EXERCISE INSTRUCTIONS: Exclude the pictures and repeat all of the data exactly.

DATA PROVIDED:
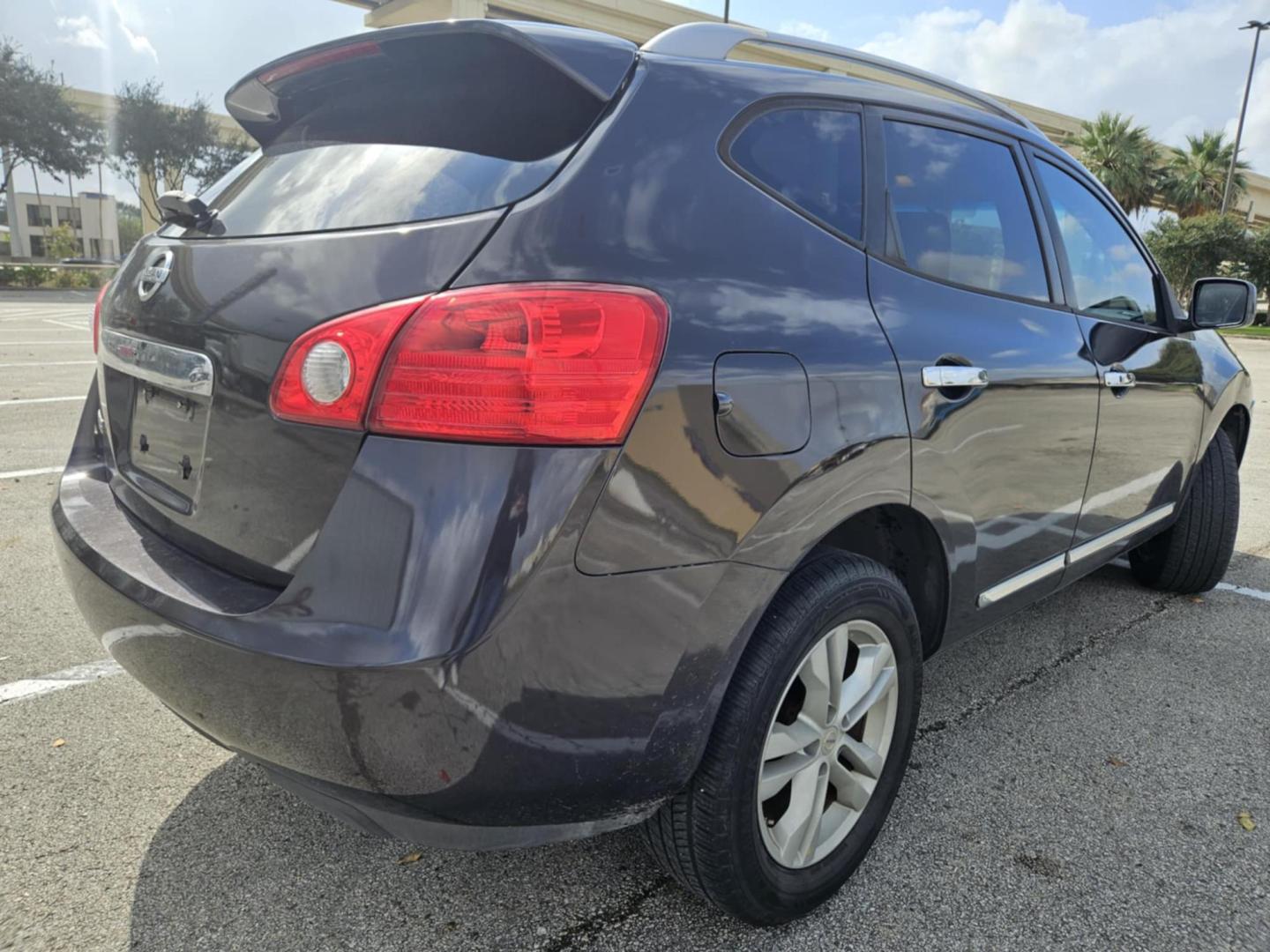 2012 Nissan Rogue SV photo 5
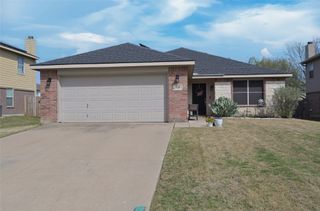 328 Saddlebrook Drive, Krum, TX 76249
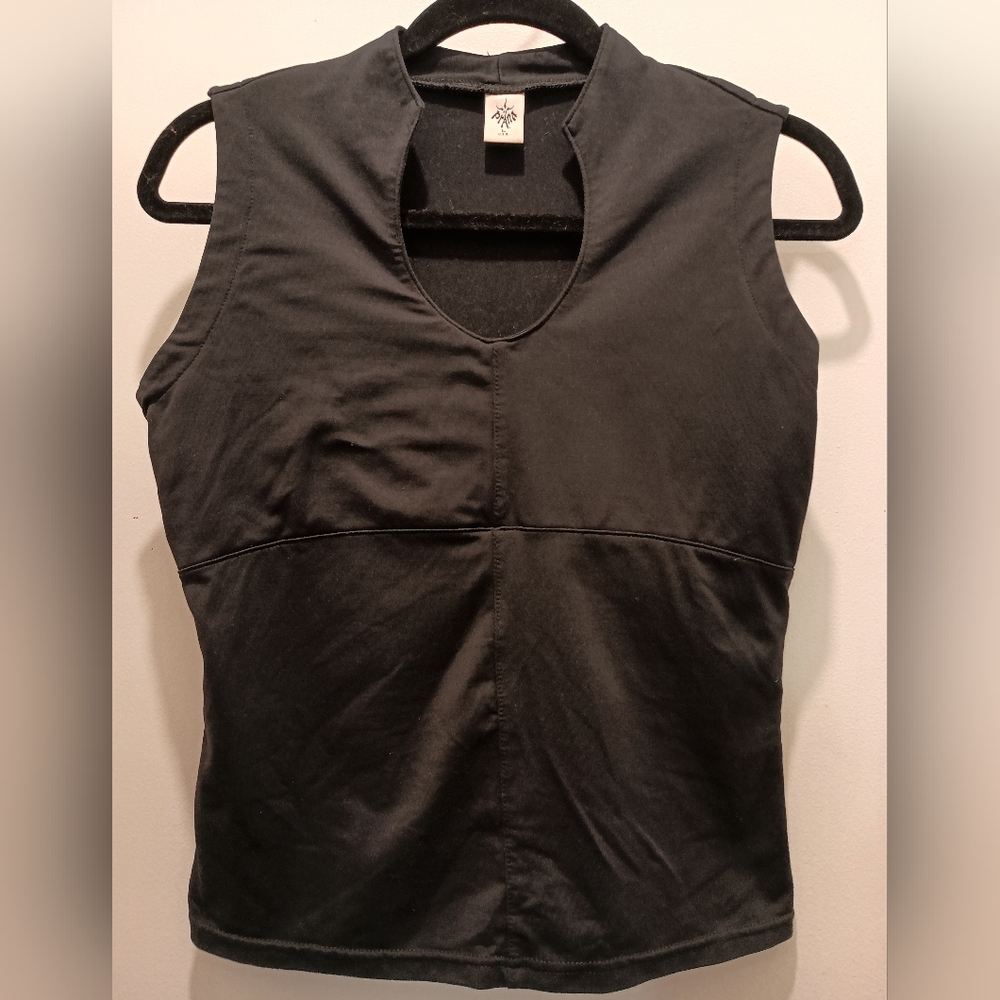 Prana, Black Sleeveless Yoga Top. Size Large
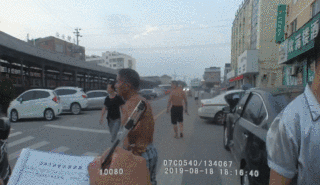 这个交警处理事故到一半儿，就跑了……跑了……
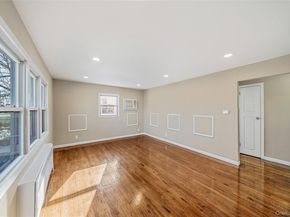 266 W 16th Street, Deer Park NY 11729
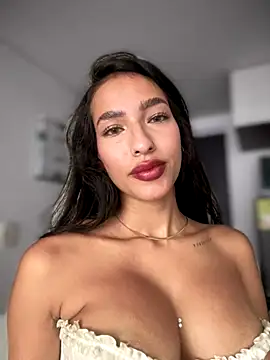 DulceLenns's cam snapshot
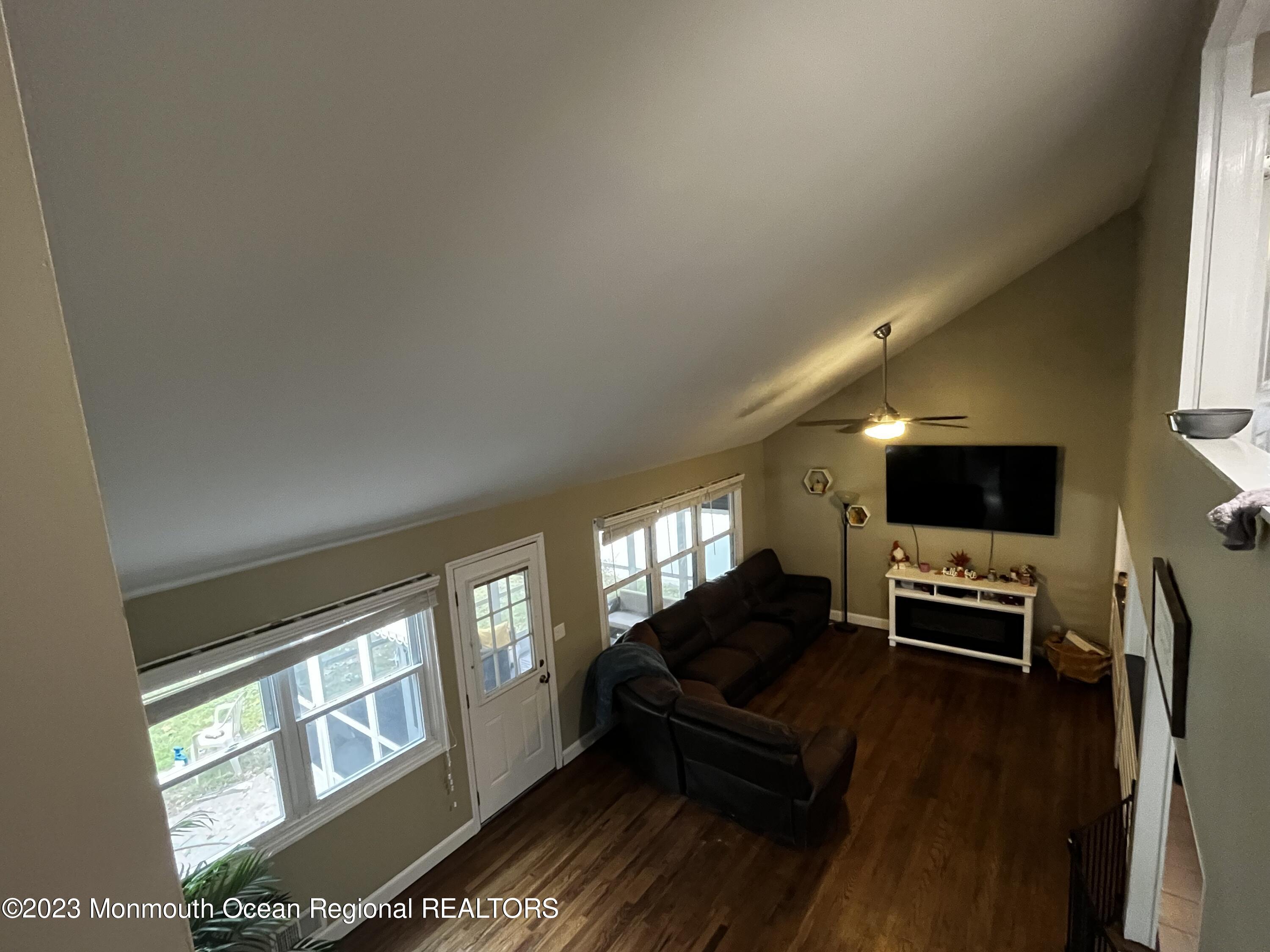 26 Racoon Drive Hazlet, NJ 07730 - Photo 17 of 33 Living Room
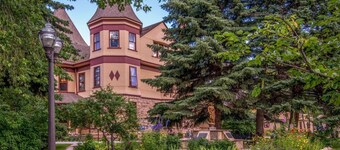 Super 8 by Wyndham Laramie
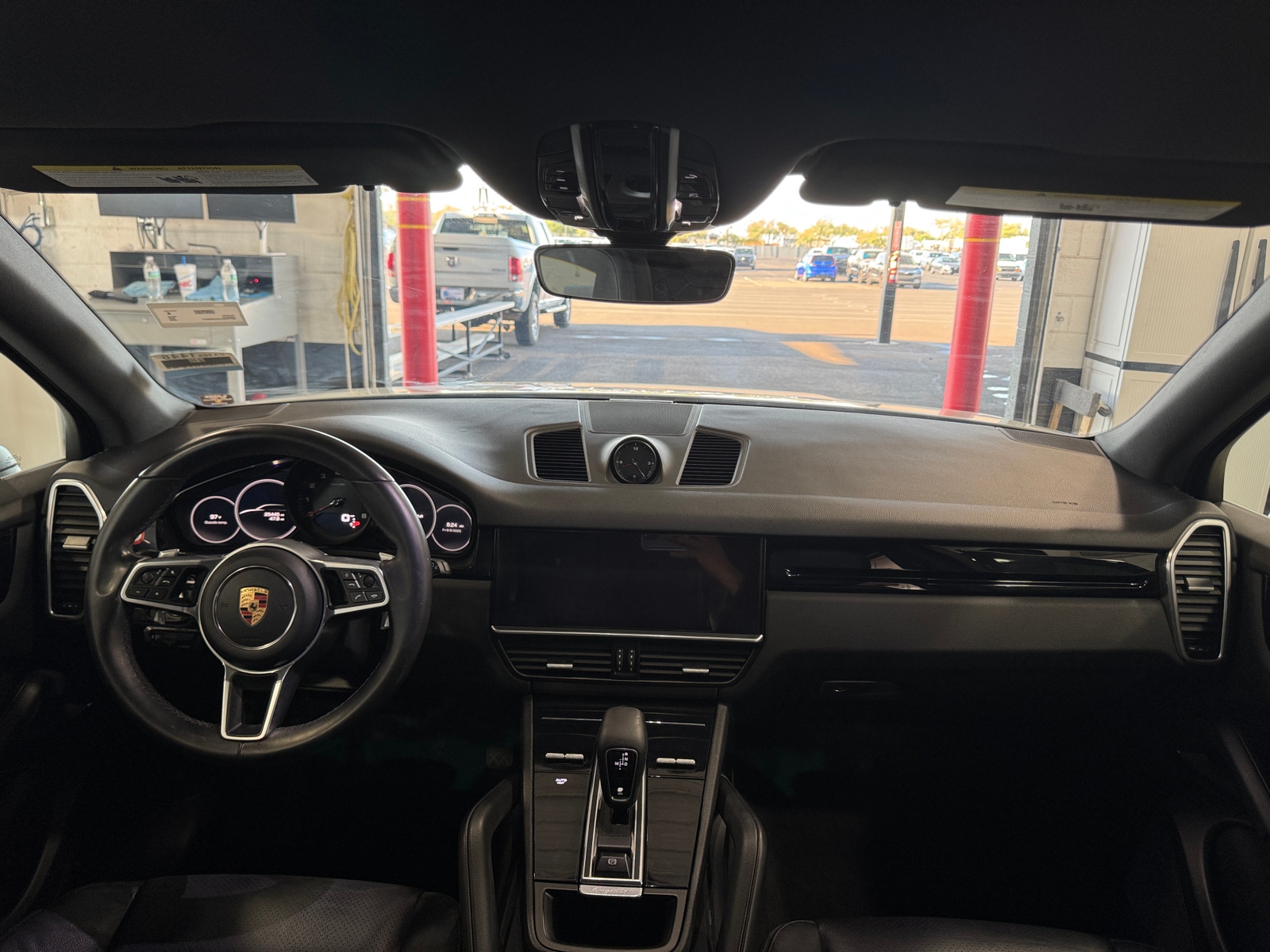 Thumbnail: 2020 Porsche Cayenne - 2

RESPONSE:
 2012 Nissan Rogue SV photo 5
 328 Saddlebrook Drive, Krum, TX 76249
 Prana, Black Sleeveless Yoga Top. Size Large
 这个交警处理事故到一半儿，就跑了……跑了……
 266 W 16th Street, Deer Park NY 11729
 DulceLenns's cam snapshot
 26 Racoon Drive Hazlet, NJ 07730 - Photo 17 of 33 Living Room
 Super 8 by Wyndham Laramie
 Thumbnail: 2020 Porsche Cayenne - 2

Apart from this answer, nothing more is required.